The role of submerged macrophyte beds in phosphorus and sediment accumulation in Lake Memphremagog, Quebec, Canada
Limnol. Oceanogr., 48(5), 2003, 1927-1937Purchase | DOI: 10.4319/lo.2003.48.5.1927
ABSTRACT: The relationships between long-term (~115-year) phosphorus and sediment accumulation and submerged macrophyte biomass were determined both within a submerged macrophyte bed and among beds in Lake Memphremagog, Quebec, Canada. Strong relationships between present submerged macrophyte biomass and littoral-zone sediment and phosphorus accumulation rates both within and among macrophyte beds yielded simple models for estimating long-term littoral-zone accumulation rates.
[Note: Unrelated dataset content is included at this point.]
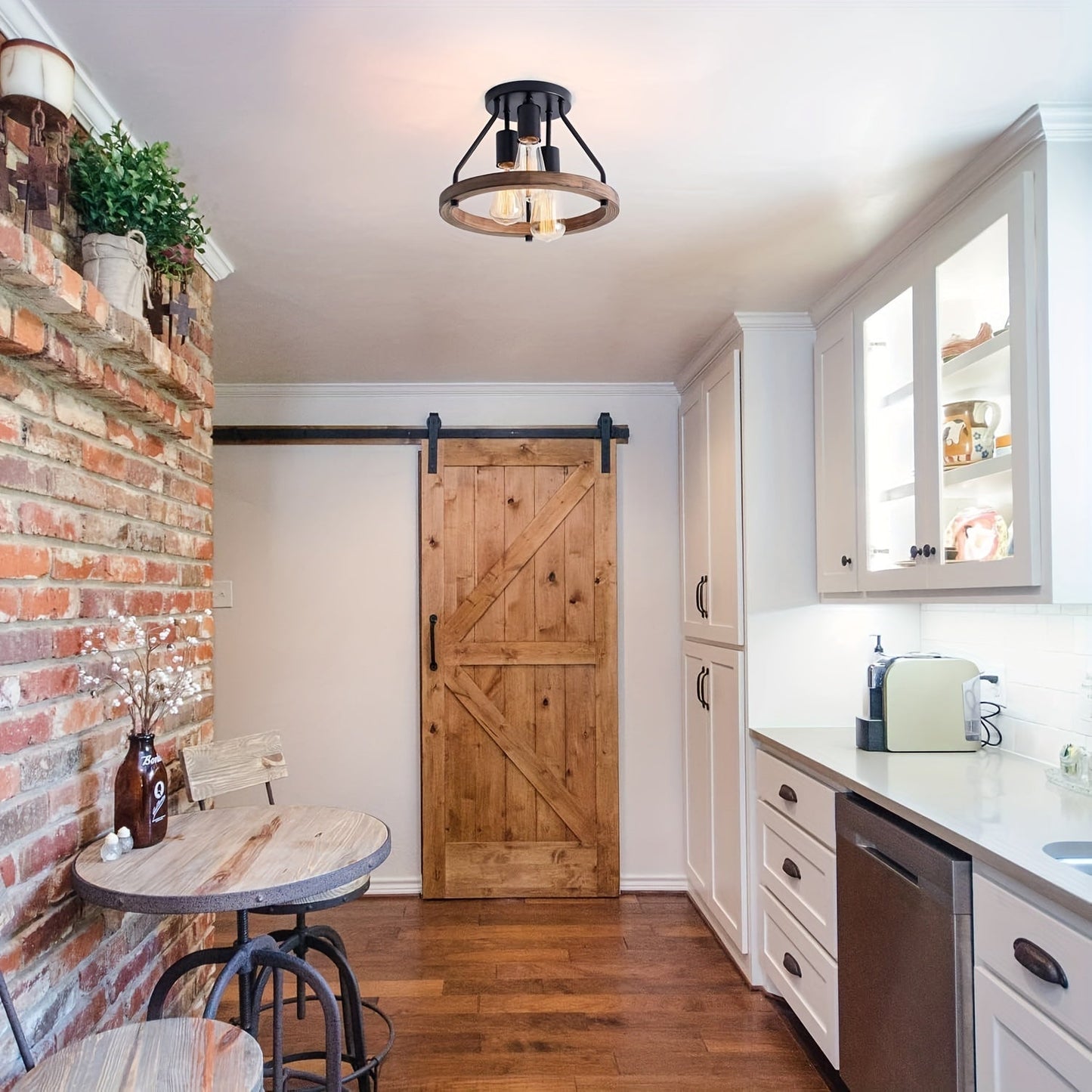 Garduru Drei-Arm Lampe – Für stimmungsvolle Beleuchtung und Charakter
Mean sediment particle size at the depth of maximum submerged macrophyte biomass, estimated from water content, was comparable with the mean particle size in profundal zone of Lake Memphremagog, suggesting that energy environments differ little between vegetated littoral zones and profundal zones. The mean total sediment-accumulation rate of 1.2 mm yr-1 in the macrophyte beds was indistinguishable from average profundal rates of sediment accumulation in North American lakes. Although dense beds accumulated twice as much bulk sediment per unit area (g m-2 yr-1) compared with their profundal counterparts, phosphorus accumulation per unit bulk sediment in macrophyte beds with a biomass of 1,000 g m-2 (wet weight) was one sixth that measured in profundal sediments, pointing to large postdepositional losses of sedimented phosphorus (>70%) from macrophyte beds. Finally, extrapolation of the present results to five nearby lakes suggests, based on still-limited data, that, in lakes in which half of the sediment surface is colonized by submerged macrophytes, the littoral zone accounts for roughly one third of whole-lake phosphorus and two thirds of whole-lake bulk sediment accumulated annually.